Why can't I collect metrics from containers, pods, or nodes using Metrics Server in Amazon EKS?

Last updated: 2020-01-23

I can't collect metrics from containers, pods, or nodes with Metrics Server in my Amazon Elastic Kubernetes Service (Amazon EKS) cluster.

Short Description

In Amazon EKS, Metrics Server isn't installed by default. If you just created your cluster and can't collect metrics from containers, pods, or nodes using Metrics Server, then confirm that you deployed the Metrics Server application to your cluster.

If you still can't collect metrics with Metrics Server, complete the steps in the following sections:

  • Check if you can retrieve metrics from your cluster's nodes and pods.
  • Check if the APIService is available and can handle requests.
  • Check GitHub for common issues.
  • Check your Horizontal Pod Autoscaler (HPA) and application resource requests if metrics are showing as <unknown>.

Note: Metrics Server isn't intended for long-term monitoring of application and cluster performance. For long-term monitoring, see Control Plane Metrics with Prometheus.

Resolution

Check if you can retrieve metrics from your cluster's nodes and pods

To check for errors between the API server and Metrics Server, run the following commands to pull metrics from the nodes and pods of your cluster:

$ kubectl top nodes
$ kubectl top pods

If you don't receive an error from either command, then complete the steps in the Check if the APIService is available and can handle requests section.

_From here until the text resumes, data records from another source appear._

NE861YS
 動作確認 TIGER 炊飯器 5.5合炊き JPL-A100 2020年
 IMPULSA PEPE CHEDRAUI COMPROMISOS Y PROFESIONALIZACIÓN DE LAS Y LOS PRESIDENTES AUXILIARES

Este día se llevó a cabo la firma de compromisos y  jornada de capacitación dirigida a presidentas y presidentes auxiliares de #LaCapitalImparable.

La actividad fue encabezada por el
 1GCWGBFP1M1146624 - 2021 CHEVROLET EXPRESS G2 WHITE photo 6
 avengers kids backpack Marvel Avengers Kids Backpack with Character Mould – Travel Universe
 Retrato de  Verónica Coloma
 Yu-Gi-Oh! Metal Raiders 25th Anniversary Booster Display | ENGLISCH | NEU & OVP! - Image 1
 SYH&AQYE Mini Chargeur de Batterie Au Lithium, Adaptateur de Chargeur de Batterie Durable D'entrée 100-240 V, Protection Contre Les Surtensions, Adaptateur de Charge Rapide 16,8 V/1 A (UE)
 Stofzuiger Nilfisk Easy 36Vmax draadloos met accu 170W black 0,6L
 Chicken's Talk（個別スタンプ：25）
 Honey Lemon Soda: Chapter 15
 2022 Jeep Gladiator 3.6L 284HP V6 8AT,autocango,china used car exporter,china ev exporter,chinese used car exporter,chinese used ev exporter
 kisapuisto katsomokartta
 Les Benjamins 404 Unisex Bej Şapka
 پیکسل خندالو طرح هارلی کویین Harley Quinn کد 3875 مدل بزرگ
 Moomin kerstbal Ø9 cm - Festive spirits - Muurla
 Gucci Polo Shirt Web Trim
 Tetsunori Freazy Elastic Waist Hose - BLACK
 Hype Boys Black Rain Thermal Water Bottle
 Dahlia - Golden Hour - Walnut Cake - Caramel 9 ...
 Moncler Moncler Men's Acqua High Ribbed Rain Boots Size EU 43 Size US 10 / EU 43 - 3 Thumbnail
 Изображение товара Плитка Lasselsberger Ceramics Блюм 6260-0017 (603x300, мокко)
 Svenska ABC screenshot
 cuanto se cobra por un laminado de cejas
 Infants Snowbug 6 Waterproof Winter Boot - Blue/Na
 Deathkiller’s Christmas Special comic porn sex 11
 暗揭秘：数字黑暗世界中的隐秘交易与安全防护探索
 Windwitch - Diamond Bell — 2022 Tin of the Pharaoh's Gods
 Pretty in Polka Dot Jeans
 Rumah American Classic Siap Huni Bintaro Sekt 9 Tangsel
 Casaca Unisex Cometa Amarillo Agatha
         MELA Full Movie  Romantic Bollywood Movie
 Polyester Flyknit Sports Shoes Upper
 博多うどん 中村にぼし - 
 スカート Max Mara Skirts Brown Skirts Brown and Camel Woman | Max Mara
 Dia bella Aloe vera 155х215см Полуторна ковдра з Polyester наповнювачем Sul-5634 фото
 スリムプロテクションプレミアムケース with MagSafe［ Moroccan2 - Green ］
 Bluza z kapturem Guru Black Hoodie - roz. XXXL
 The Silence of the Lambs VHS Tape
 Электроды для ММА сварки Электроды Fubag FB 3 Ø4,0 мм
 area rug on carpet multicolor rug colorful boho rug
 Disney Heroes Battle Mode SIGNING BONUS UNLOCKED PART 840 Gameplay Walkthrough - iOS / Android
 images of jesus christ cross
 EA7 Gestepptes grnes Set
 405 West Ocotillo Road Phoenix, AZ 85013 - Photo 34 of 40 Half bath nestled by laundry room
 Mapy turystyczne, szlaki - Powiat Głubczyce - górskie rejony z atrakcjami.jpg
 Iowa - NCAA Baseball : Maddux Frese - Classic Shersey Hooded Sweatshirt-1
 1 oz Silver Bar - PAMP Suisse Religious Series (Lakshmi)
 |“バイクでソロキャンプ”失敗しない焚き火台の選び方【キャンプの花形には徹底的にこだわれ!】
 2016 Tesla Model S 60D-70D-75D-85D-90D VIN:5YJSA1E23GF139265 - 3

If you did receive an error, complete the steps in one of the following sections based on the error that you received:

  • Error from server (Forbidden)
  • Error from server (ServiceUnavailable)
  • Client.Timeout exceeded while awaiting headers
  • connection refused

Error from server (Forbidden)

This error message indicates that you have an issue with RBAC authorization. To resolve this error, confirm the following:

  • The ServiceAccount is attached to the deployment correctly.
  • The ClusterRole/Role and ClusterRoleBinding/RoleBindings use the correct RBAC permissions for Metrics Server.

If you're accessing your cluster through a role defined in the aws-auth ConfigMap, confirm that you have set the username field and the mapping.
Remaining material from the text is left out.